Given information section start

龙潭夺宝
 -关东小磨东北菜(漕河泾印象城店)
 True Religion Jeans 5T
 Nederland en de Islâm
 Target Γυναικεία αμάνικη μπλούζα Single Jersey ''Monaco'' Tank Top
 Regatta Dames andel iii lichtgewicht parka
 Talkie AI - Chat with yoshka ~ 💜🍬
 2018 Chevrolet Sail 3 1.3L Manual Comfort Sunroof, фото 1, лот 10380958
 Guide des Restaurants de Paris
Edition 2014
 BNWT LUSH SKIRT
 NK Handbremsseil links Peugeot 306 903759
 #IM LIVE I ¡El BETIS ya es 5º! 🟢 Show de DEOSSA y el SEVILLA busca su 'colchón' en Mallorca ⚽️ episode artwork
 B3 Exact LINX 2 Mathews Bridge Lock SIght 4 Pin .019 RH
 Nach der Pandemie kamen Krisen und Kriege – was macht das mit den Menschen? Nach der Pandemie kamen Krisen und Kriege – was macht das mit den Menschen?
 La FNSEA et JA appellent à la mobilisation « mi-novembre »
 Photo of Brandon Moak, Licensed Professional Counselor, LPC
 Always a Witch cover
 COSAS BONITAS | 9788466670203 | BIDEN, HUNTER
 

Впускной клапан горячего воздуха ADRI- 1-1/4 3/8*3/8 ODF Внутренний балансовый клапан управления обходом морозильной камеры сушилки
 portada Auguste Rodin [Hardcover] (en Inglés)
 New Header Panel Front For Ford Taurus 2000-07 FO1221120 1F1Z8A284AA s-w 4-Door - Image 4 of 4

Given information section end

**Exercise details**
Once you have read the records, repeat them all exactly.

**Expected answer**
龙潭夺宝
 -关东小磨东北菜(漕河泾印象城店)
 True Religion Jeans 5T
 Nederland en de Islâm
 Target Γυναικεία αμάνικη μπλούζα Single Jersey ''Monaco'' Tank Top
 Regatta Dames andel iii lichtgewicht parka
 Talkie AI - Chat with yoshka ~ 💜🍬
 2018 Chevrolet Sail 3 1.3L Manual Comfort Sunroof, фото 1, лот 10380958
 Guide des Restaurants de Paris
Edition 2014
 BNWT LUSH SKIRT
 NK Handbremsseil links Peugeot 306 903759
 #IM LIVE I ¡El BETIS ya es 5º! 🟢 Show de DEOSSA y el SEVILLA busca su 'colchón' en Mallorca ⚽️ episode artwork
 B3 Exact LINX 2 Mathews Bridge Lock SIght 4 Pin .019 RH
 Nach der Pandemie kamen Krisen und Kriege – was macht das mit den Menschen? Nach der Pandemie kamen Krisen und Kriege – was macht das mit den Menschen?
 La FNSEA et JA appellent à la mobilisation « mi-novembre »
 Photo of Brandon Moak, Licensed Professional Counselor, LPC
 Always a Witch cover
 COSAS BONITAS | 9788466670203 | BIDEN, HUNTER
 

Впускной клапан горячего воздуха ADRI- 1-1/4 3/8*3/8 ODF Внутренний балансовый клапан управления обходом морозильной камеры сушилки
 portada Auguste Rodin [Hardcover] (en Inglés)
 New Header Panel Front For Ford Taurus 2000-07 FO1221120 1F1Z8A284AA s-w 4-Door - Image 4 of 4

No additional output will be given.